(Data to process)
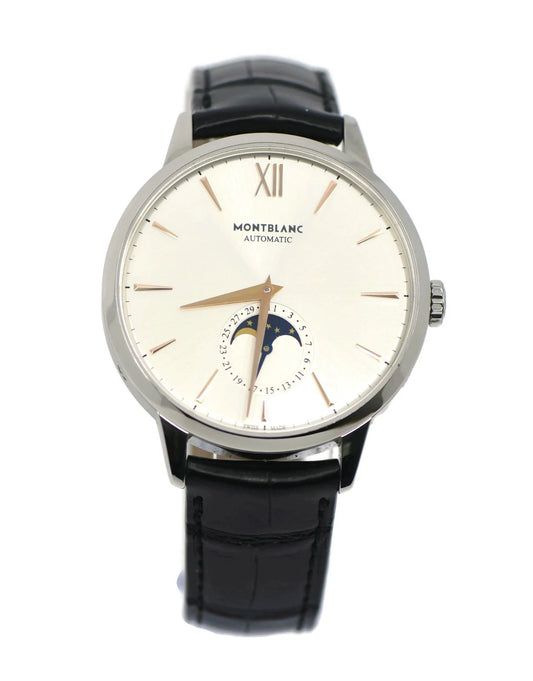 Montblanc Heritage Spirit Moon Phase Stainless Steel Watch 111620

--

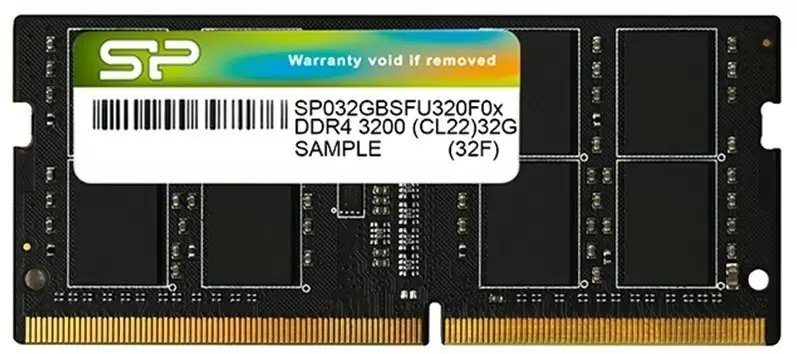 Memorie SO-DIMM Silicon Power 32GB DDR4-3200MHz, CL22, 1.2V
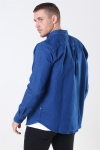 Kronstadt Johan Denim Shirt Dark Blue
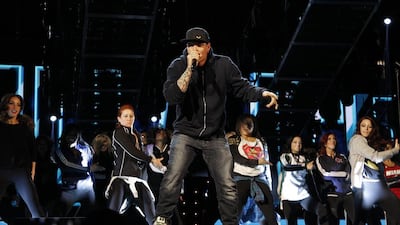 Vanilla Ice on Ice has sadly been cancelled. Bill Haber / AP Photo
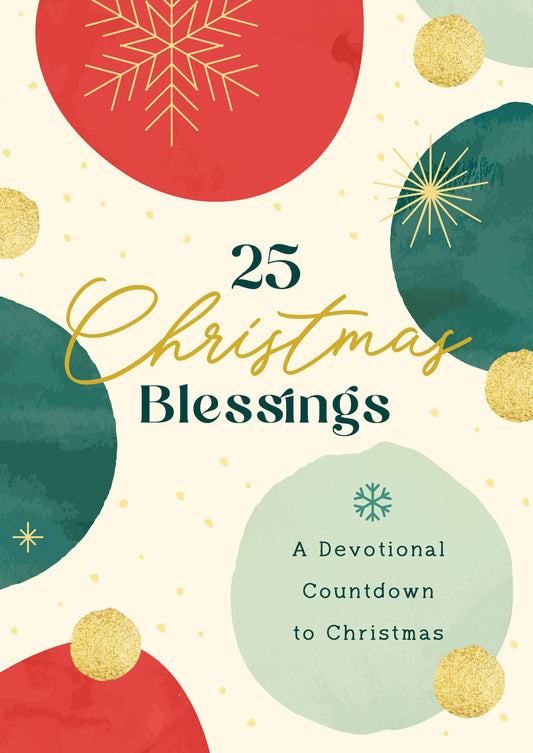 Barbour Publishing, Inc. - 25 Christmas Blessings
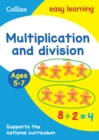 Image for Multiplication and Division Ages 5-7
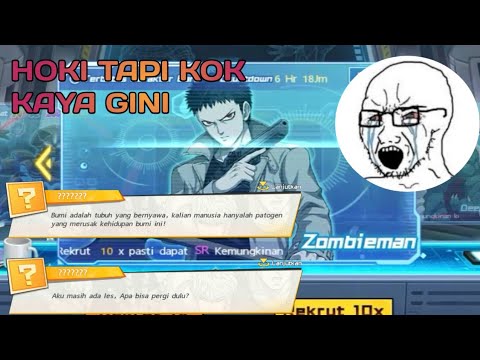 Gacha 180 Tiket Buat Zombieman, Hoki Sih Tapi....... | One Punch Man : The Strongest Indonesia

--

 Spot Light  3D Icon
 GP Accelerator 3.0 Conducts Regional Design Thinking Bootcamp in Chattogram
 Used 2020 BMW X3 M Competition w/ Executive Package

(Work to be completed) Set down word for word the lines above from the one with "Vanilla Ice on" up to and including the one with "Gacha 180 Tiket". Omit every picture.

(Result for this exercise)
 Vanilla Ice on Ice has sadly been cancelled. Bill Haber / AP Photo
 Barbour Publishing, Inc. - 25 Christmas Blessings
 Image for Multiplication and Division Ages 5-7
 Gacha 180 Tiket Buat Zombieman, Hoki Sih Tapi....... | One Punch Man : The Strongest Indonesia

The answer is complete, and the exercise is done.